The stonework on Anderson Hall was so well done that it blends seamlessly with the rest of the building.

The Kansas State Collegian from July 12, 1945 included an article on the treatment of the German prisoners. The journalist wrote:

The captured Nazis who roam the campus in their PW suits are a constant reminder of the war to Kansas State students.

But more than of war, they remind us of the peace that is already won in Europe where they were taken prisoner. The unguarded presence of PWs on the campus gives us a picture of American policies as hosts to enemies, or perhaps we should call them former enemies. The Nazi hosts in German prison camps entertained Allied soldiers with an entirely different brand of amusement.

Contrast, for instance, the huge trayfuls of food that are served to the prisoners here with the one-seventh of a loaf of bread the Nazis fed to our prisoners each day. Contrast the leisurely way they work at cutting the grass on the campus with the way the Germans worked slave laborers.

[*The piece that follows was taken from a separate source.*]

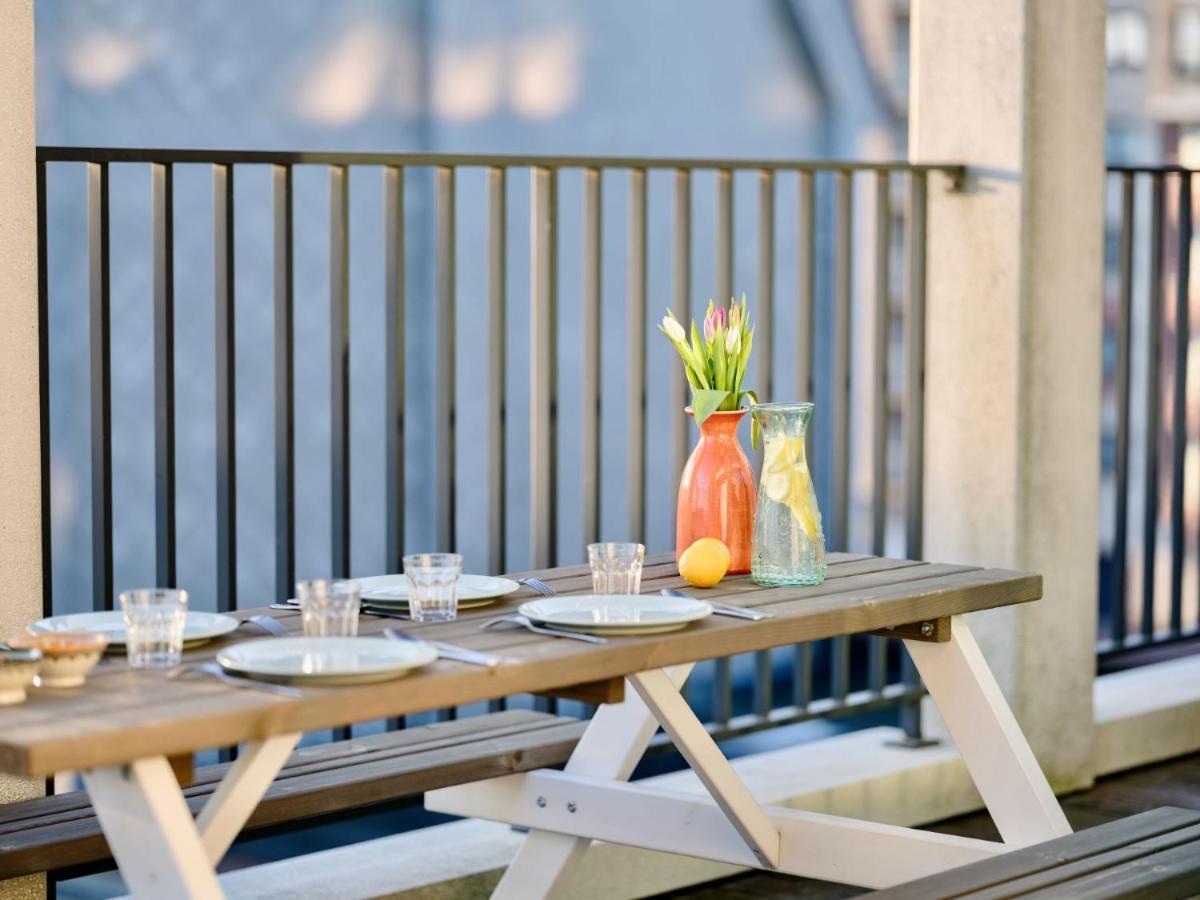 Stijlvolle En Lichtrijke Design Penthouse Met Prachtig Uitzicht Te Wenduine Apartment Де Хаан Екстериор снимка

And then we read of a complaint by an American that German prisoners are being underfed. The man with that idea should have visited the Kansas State cafeteria any noon.

Student opinion in protest against the soft treatment of prisoners runs high. We hope the presence of prisoners on the campus will be a constant warning to students against the complacency that led to isolationism after the last war. Students will make the peace.

May and Schock stated in their book, "because of food shortages in the spring of 1945, the rations of the POW were changed so that they did not receive items that were scarce to civilians."

Tennyson Collins remembers having POWs hoe crops on his family farm, a mile south of Manhattan, in the summer of 1945. They were members of the Afrikakorps, the German expeditionary force in Libya and Egypt during the North African Campaign of World War II.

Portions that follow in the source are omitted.